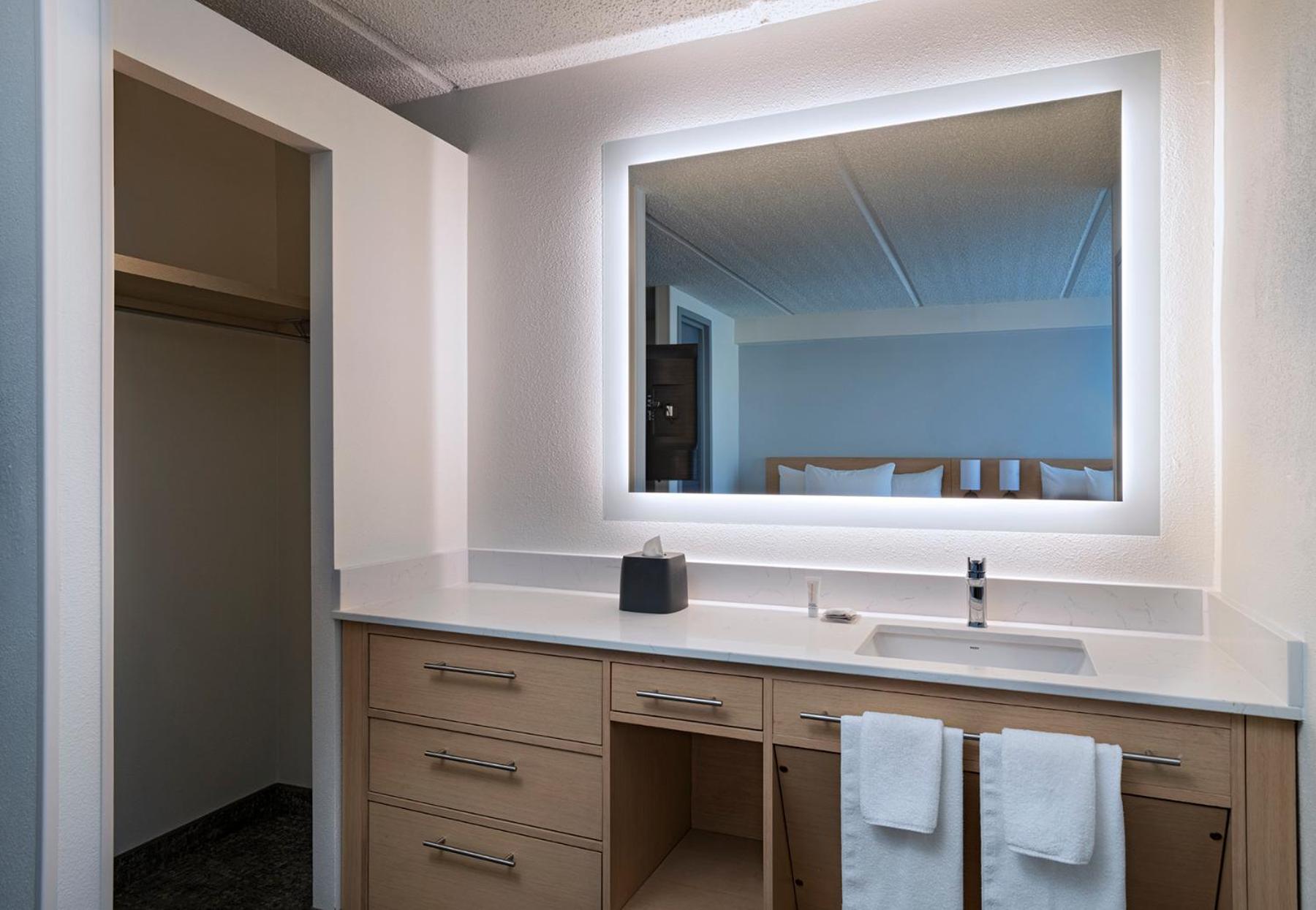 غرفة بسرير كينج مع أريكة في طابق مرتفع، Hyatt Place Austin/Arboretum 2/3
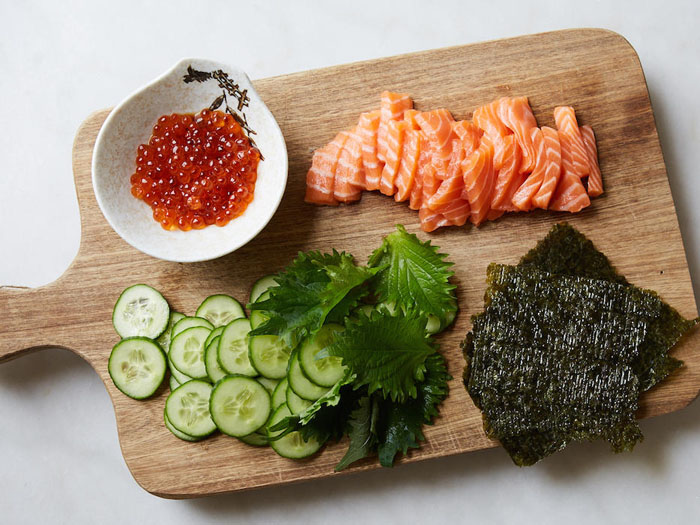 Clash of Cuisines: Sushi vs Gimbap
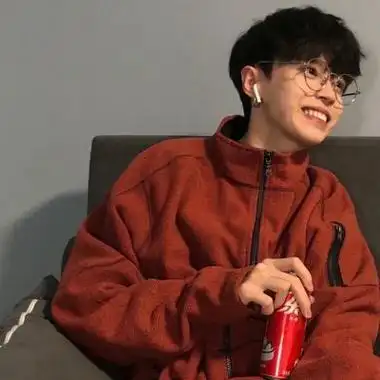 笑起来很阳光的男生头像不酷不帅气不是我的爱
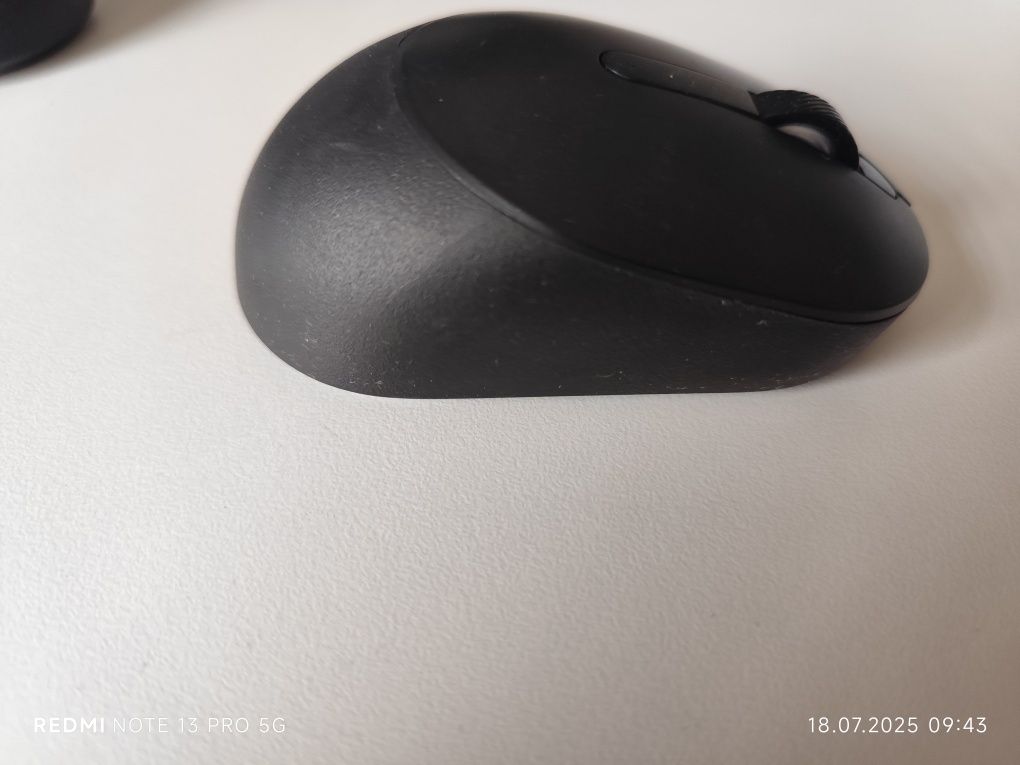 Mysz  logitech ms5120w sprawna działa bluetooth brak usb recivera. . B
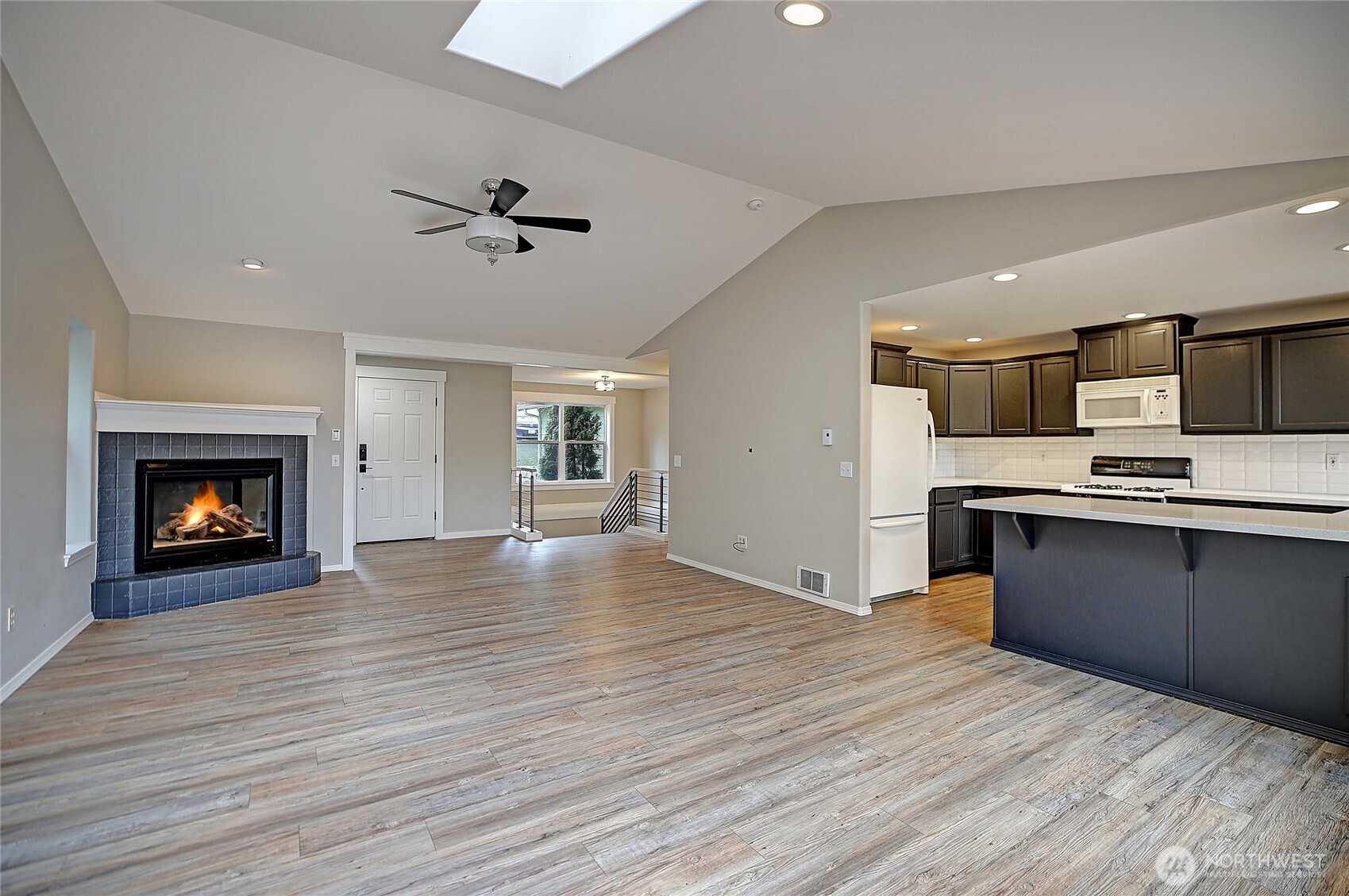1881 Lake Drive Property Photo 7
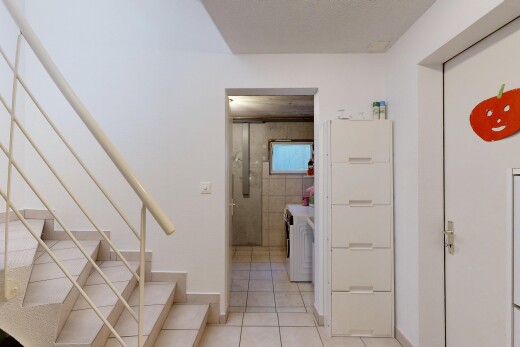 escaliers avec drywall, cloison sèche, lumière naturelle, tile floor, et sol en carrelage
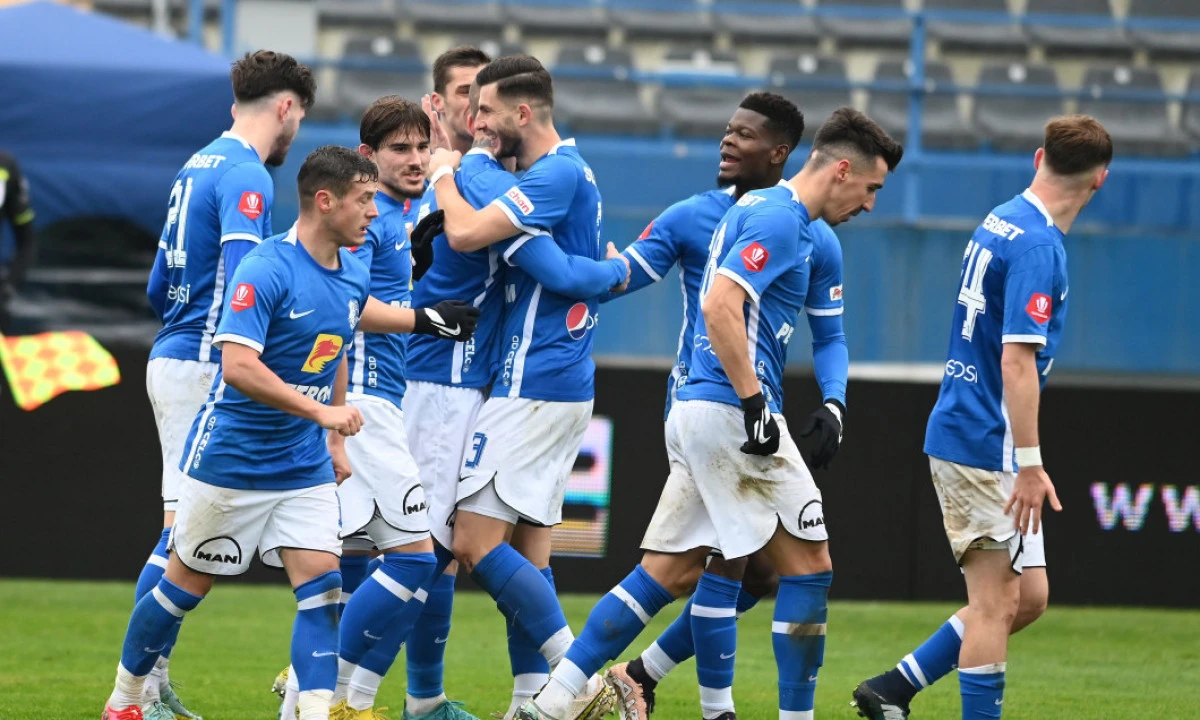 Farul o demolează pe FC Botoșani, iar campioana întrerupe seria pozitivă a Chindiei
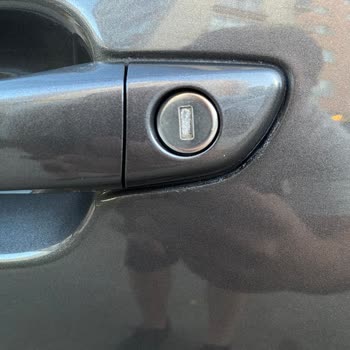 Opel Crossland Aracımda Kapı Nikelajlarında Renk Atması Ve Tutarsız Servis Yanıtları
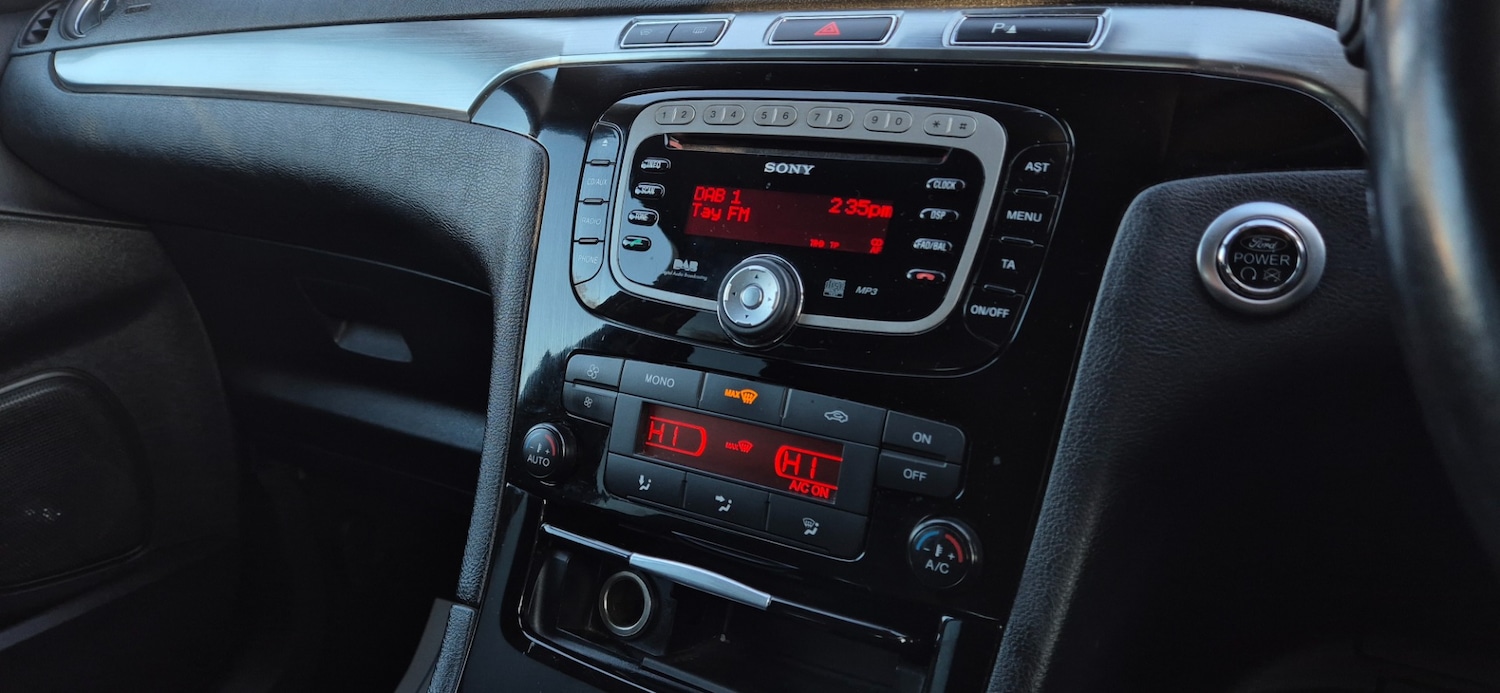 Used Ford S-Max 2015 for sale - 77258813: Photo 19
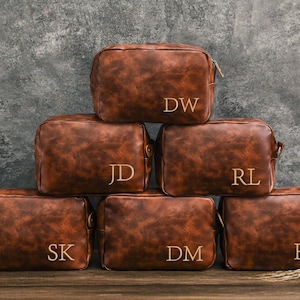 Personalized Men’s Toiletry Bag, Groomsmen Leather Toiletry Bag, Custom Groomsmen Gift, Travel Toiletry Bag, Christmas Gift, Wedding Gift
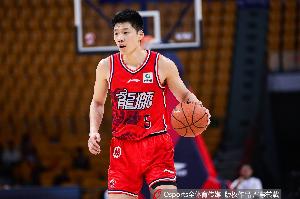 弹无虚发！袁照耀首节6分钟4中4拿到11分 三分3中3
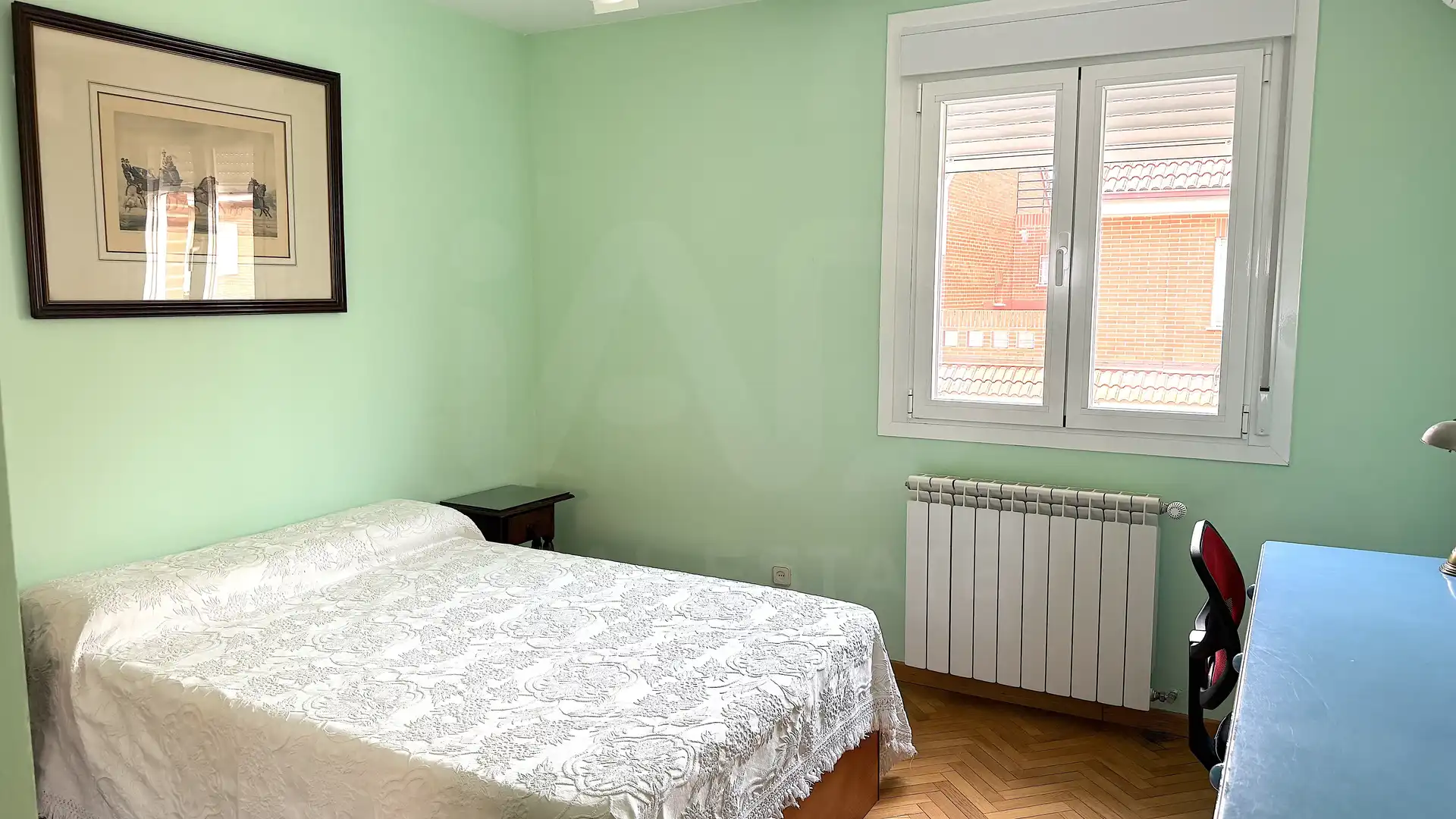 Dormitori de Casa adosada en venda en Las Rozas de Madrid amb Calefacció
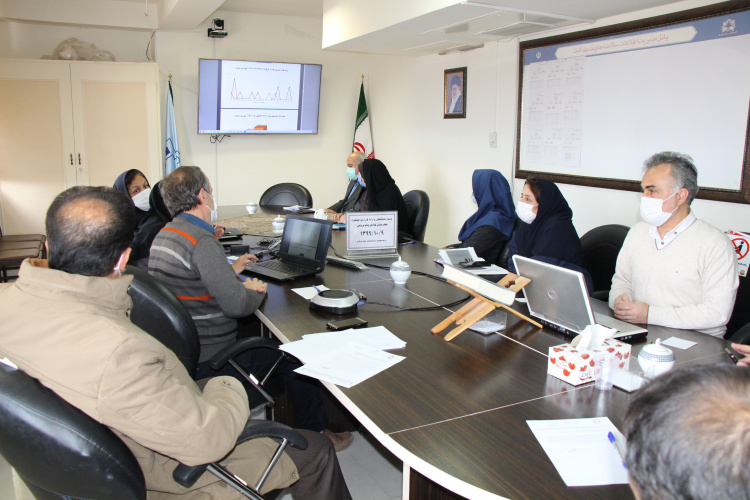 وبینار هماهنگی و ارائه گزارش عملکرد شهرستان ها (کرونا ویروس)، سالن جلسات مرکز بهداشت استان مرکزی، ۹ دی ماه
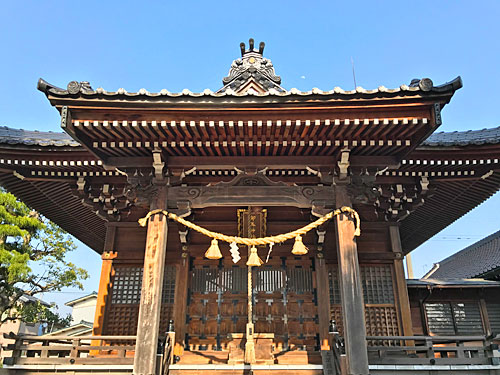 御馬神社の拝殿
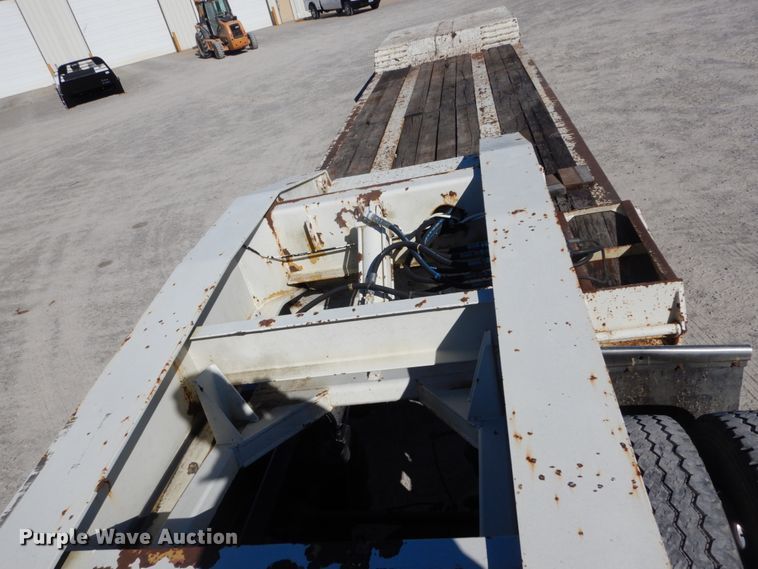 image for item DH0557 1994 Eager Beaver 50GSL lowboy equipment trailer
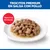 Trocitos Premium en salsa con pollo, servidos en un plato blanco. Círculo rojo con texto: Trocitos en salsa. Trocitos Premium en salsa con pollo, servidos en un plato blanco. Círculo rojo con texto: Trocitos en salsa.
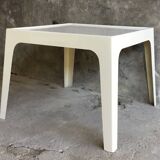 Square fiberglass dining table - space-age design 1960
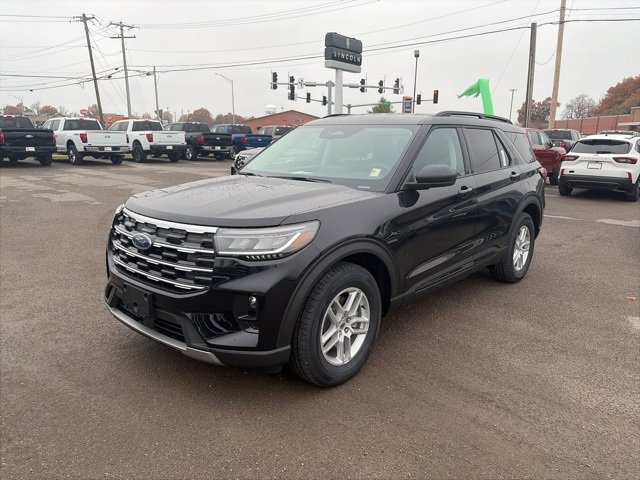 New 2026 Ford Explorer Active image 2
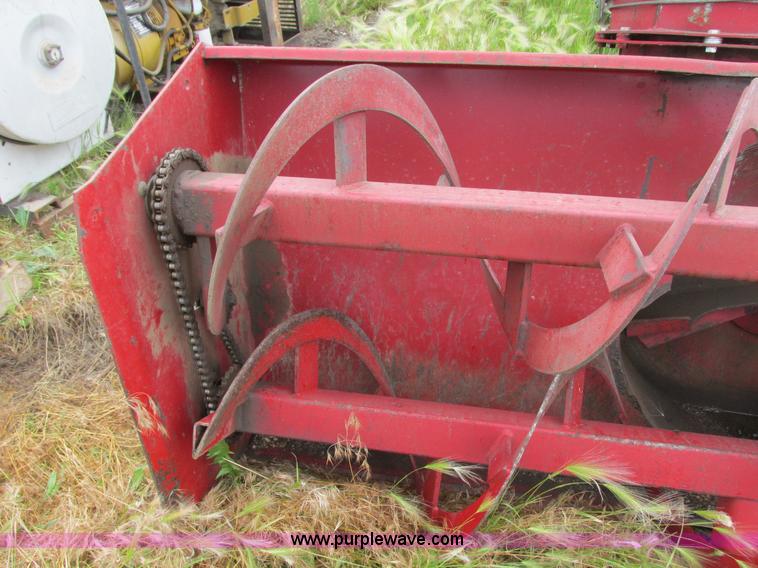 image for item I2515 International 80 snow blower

□ □ □

**What you should do:**
An acceptable answer holds exactly the lines from the one with "Farul o demolează" through the end of the entries above, both ends kept, and no pictures at all.

**Solution:**
 Farul o demolează pe FC Botoșani, iar campioana întrerupe seria pozitivă a Chindiei
 Opel Crossland Aracımda Kapı Nikelajlarında Renk Atması Ve Tutarsız Servis Yanıtları
 Used Ford S-Max 2015 for sale - 77258813: Photo 19
 Personalized Men’s Toiletry Bag, Groomsmen Leather Toiletry Bag, Custom Groomsmen Gift, Travel Toiletry Bag, Christmas Gift, Wedding Gift
 弹无虚发！袁照耀首节6分钟4中4拿到11分 三分3中3
 Dormitori de Casa adosada en venda en Las Rozas de Madrid amb Calefacció
 وبینار هماهنگی و ارائه گزارش عملکرد شهرستان ها (کرونا ویروس)، سالن جلسات مرکز بهداشت استان مرکزی، ۹ دی ماه
 御馬神社の拝殿
 image for item DH0557 1994 Eager Beaver 50GSL lowboy equipment trailer
 Trocitos Premium en salsa con pollo, servidos en un plato blanco. Círculo rojo con texto: Trocitos en salsa. Trocitos Premium en salsa con pollo, servidos en un plato blanco. Círculo rojo con texto: Trocitos en salsa.
 Square fiberglass dining table - space-age design 1960
 New 2026 Ford Explorer Active image 2
 image for item I2515 International 80 snow blower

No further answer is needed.